EXERCISE:
Leave out the pictures and copy the remaining records exactly.

(INFORMATION SUPPLIED)

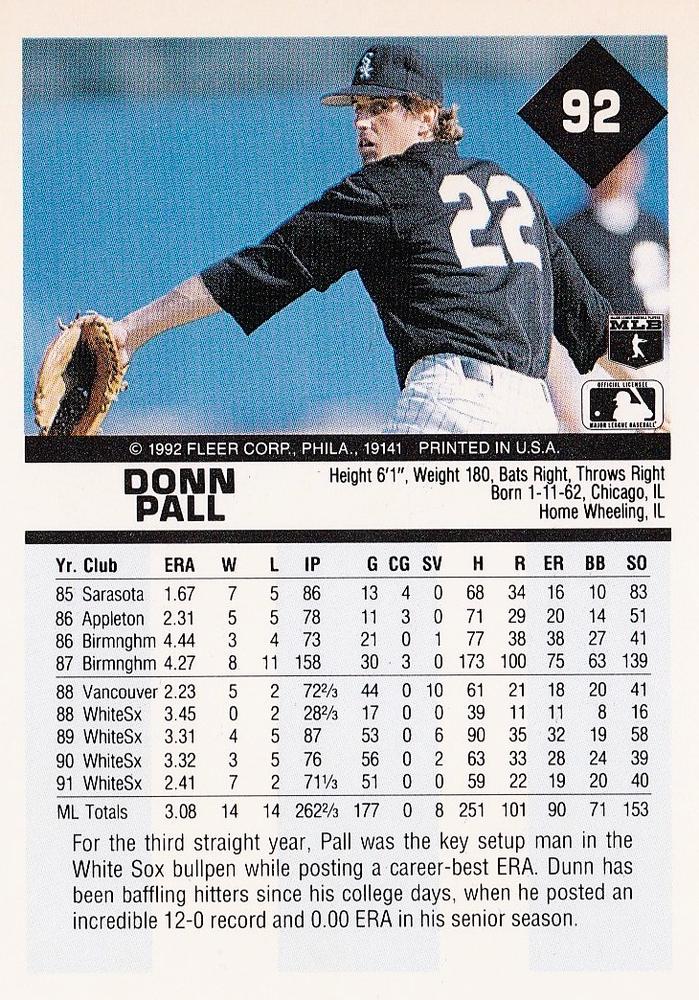 Donn Pall  baseball card collectible - Main Image 2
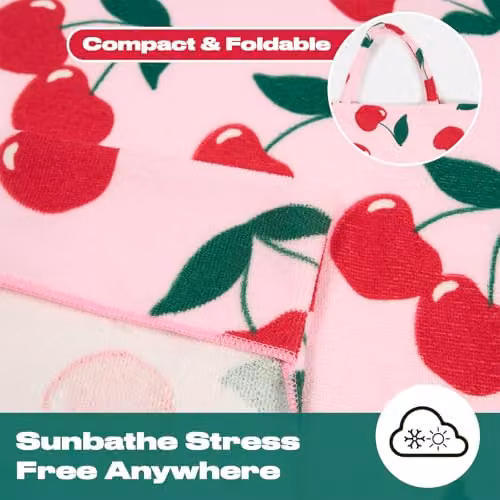 OHS Microfibre Quick-Drying Pink Beach Towel – 4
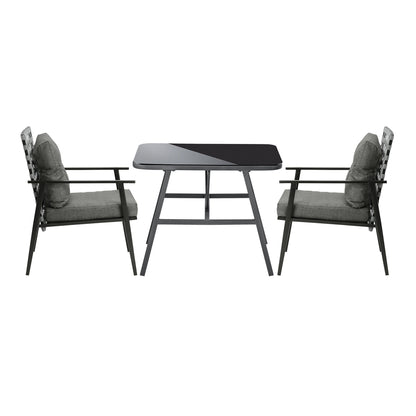 Livsip 2 Seater Outdoor Dining Set with Table Grey &amp; Black-Outdoor Dining Set-PEROZ Accessories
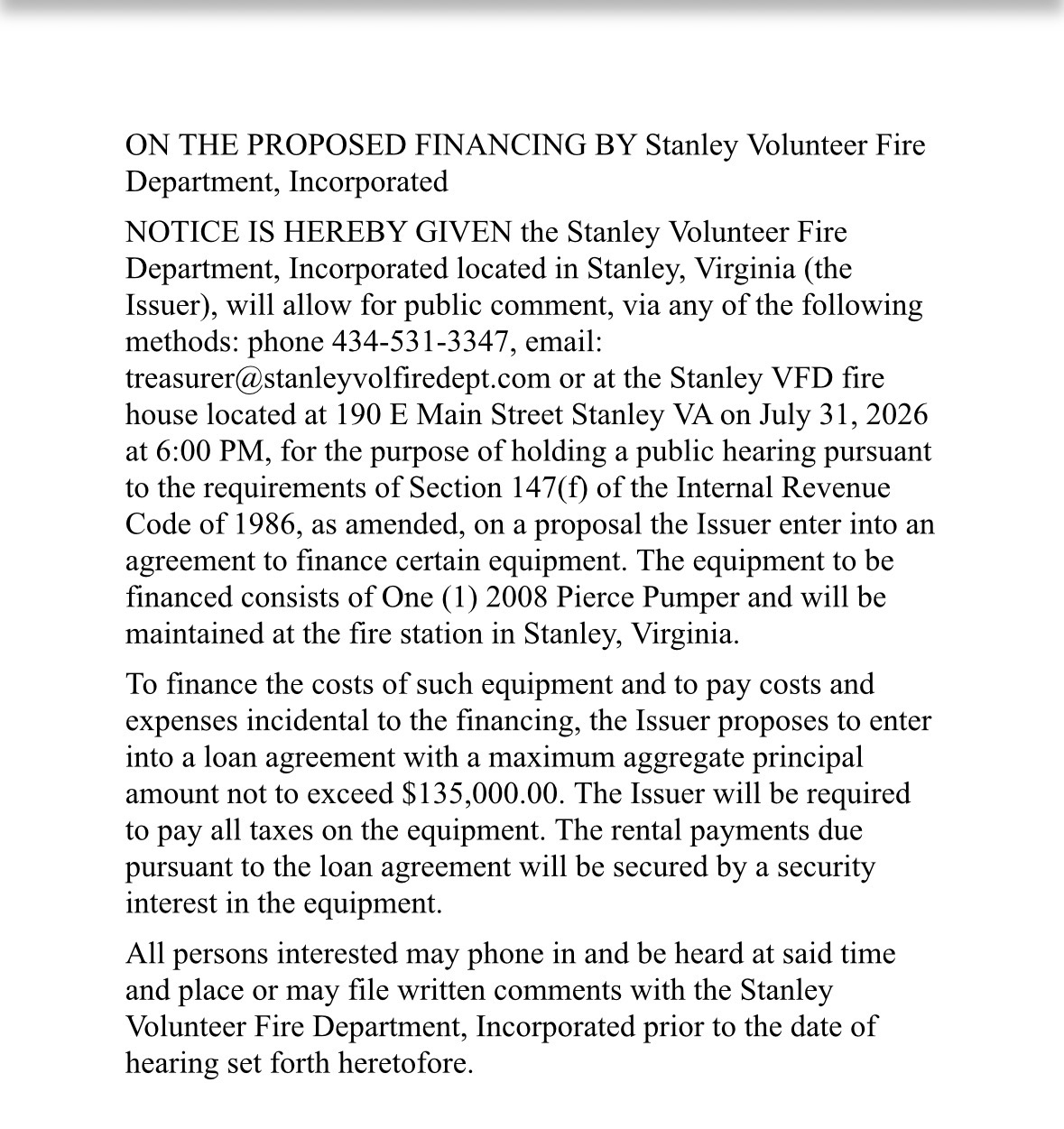 Stanley Fire Department gallery image 2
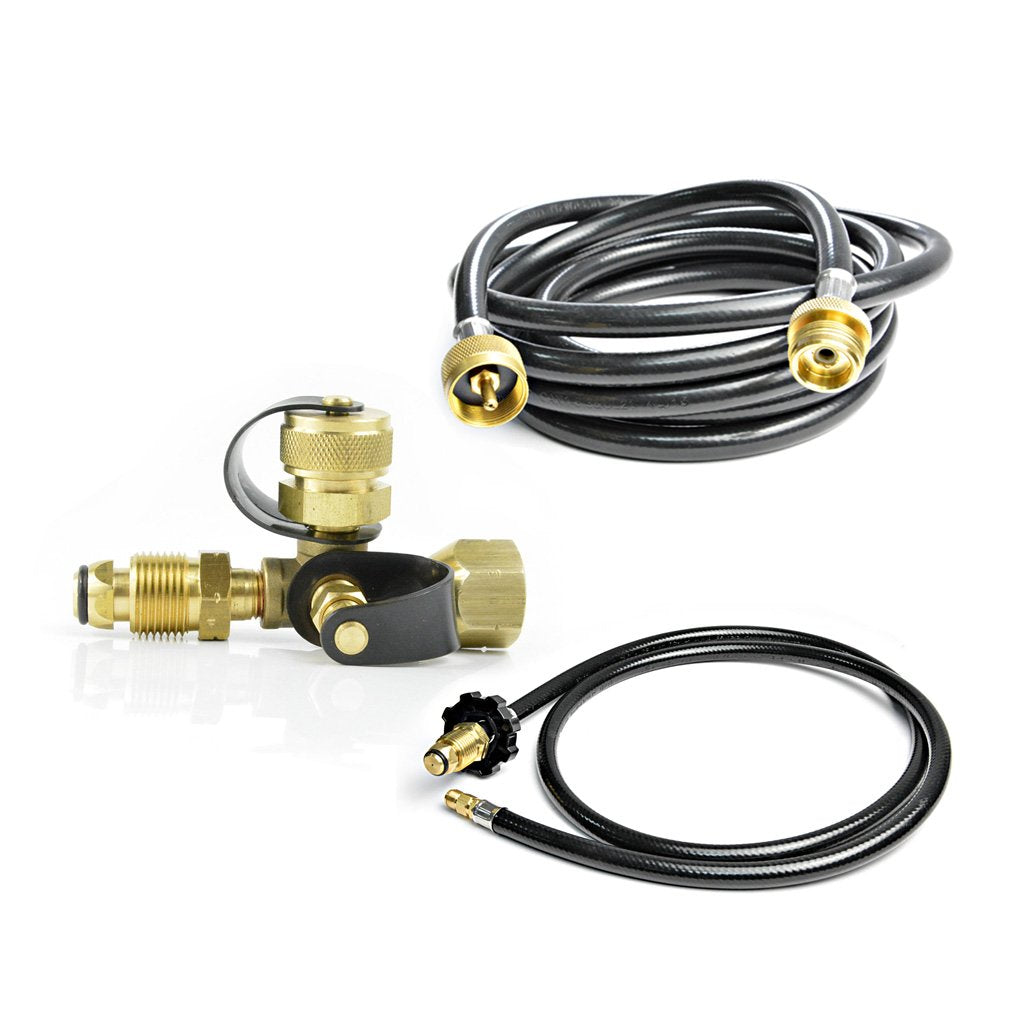 Stanbroil kit front view showing brass 4-port tee and both hoses for reliable connections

(End INFORMATION SUPPLIED)

EXPECTED ANSWER:
 Donn Pall  baseball card collectible - Main Image 2
 OHS Microfibre Quick-Drying Pink Beach Towel – 4
 Livsip 2 Seater Outdoor Dining Set with Table Grey &amp; Black-Outdoor Dining Set-PEROZ Accessories
 Stanley Fire Department gallery image 2
 Stanbroil kit front view showing brass 4-port tee and both hoses for reliable connections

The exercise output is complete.